Discussion and Next Steps
The costs of implementing the PSM, who bears them, and its effectiveness will facilitate or hinder its adoption, as noted above. Five issues seem particularly important:
- 1Identification of the essential elements of the PSM, the contribution of those elements to improved outcomes, and means to minimize their costs;
- 2Clarification of the primary determinants of PSM costs, including participant selection, assessment frequency, assessor choice, and equipment needs;
- 3Implementation strategies that take into account stakeholders' needs and priorities;
- 4Definition of the outcomes and databases to be used in estimating the costs and the effectiveness of the PSM; and
- 5Collection of longitudinal data that may support refinement of the PSM's fiscal and benefit metrics.
These are not simple tasks. Unfortunately, the importance of accurately estimating costs is matched by the difficulty of doing so. The uncertainties inherent to inferences drawn from observational data and administrative databases are well known.23 Furthermore, the severity of BC treatment sequelae is a critical mediator of costs that administrative databases capture poorly, if at all. Leveraging the few data sources that allow precise and granular capture of both cost and clinical information, eg, Kaiser Permanente and Rochester Epidemiology Project data, may be an initial research priority, because these data will allow at least some exploration of the impact of early rehabilitation involvement in the care of BC survivors.
Randomized controlled trials that explicitly prioritize cost effectiveness in their aims would seem a compelling means of evaluating PSM costs.
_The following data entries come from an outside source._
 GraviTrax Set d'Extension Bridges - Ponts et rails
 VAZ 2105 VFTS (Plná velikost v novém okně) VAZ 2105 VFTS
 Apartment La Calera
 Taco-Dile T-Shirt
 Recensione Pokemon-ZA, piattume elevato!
However, again, accurate cost estimation is not trivial given the heterogeneity of payers and the well known inaccuracies of patient-reported costs.24 Nevertheless, region-specific or site-specific randomized trials, informed by insights from observational data, likely will be needed to generate the high-quality data required for policy and coverage decisions. “Natural experiments” comparing the expenditures and use patterns of BC survivors with different payment coverages for rehabilitation services pertinent to BC treatment-related sequelae may prove helpful.
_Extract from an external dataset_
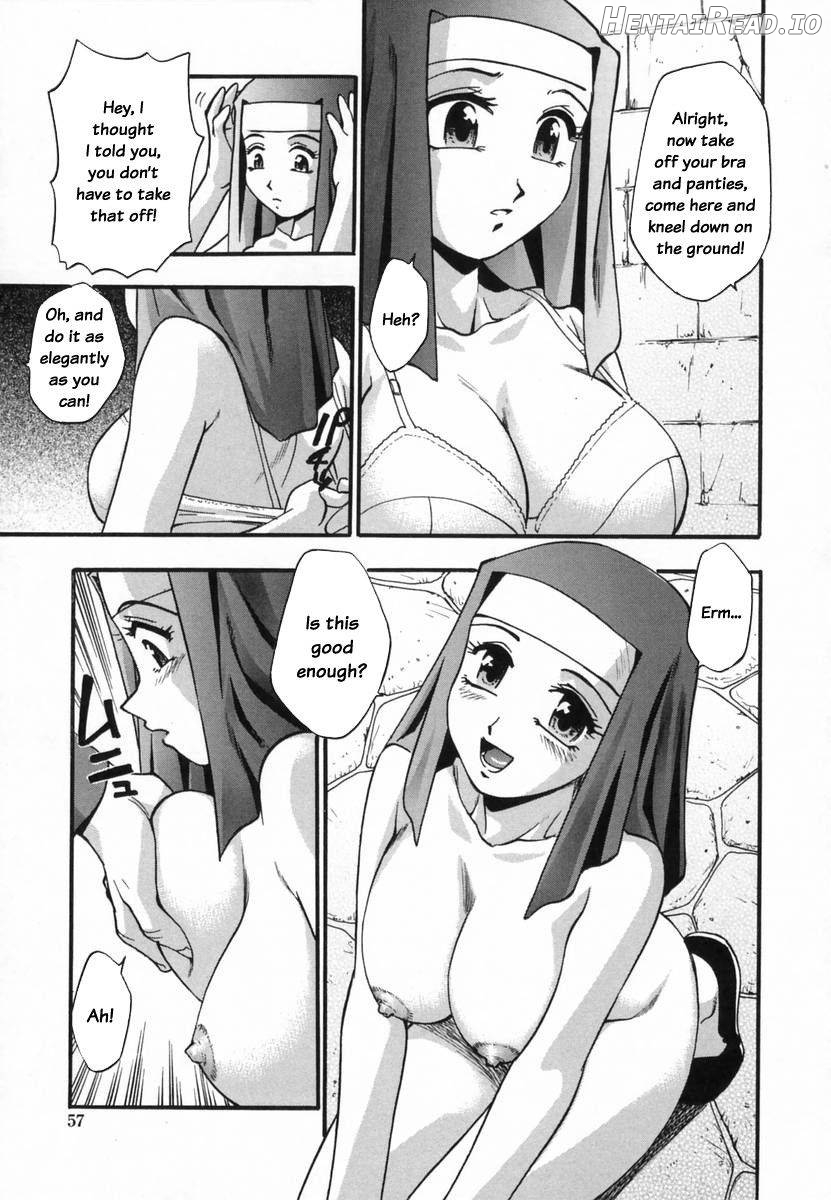 Ranman Shifuku no Itadaki Chapter 1 - page 55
In conclusion, there is little question that BC treatment-related impairments are a serious problem faced by a significant proportion of survivors. However, the degree to which the proposed PSM may mitigate these impairments, and at what cost, remains unknown. Research initiatives should be imbedded in the implementation and evolution of the PSM, as for any major health endeavor, to ensure not only that investments are evidence based but also that they yield optimally improved outcomes.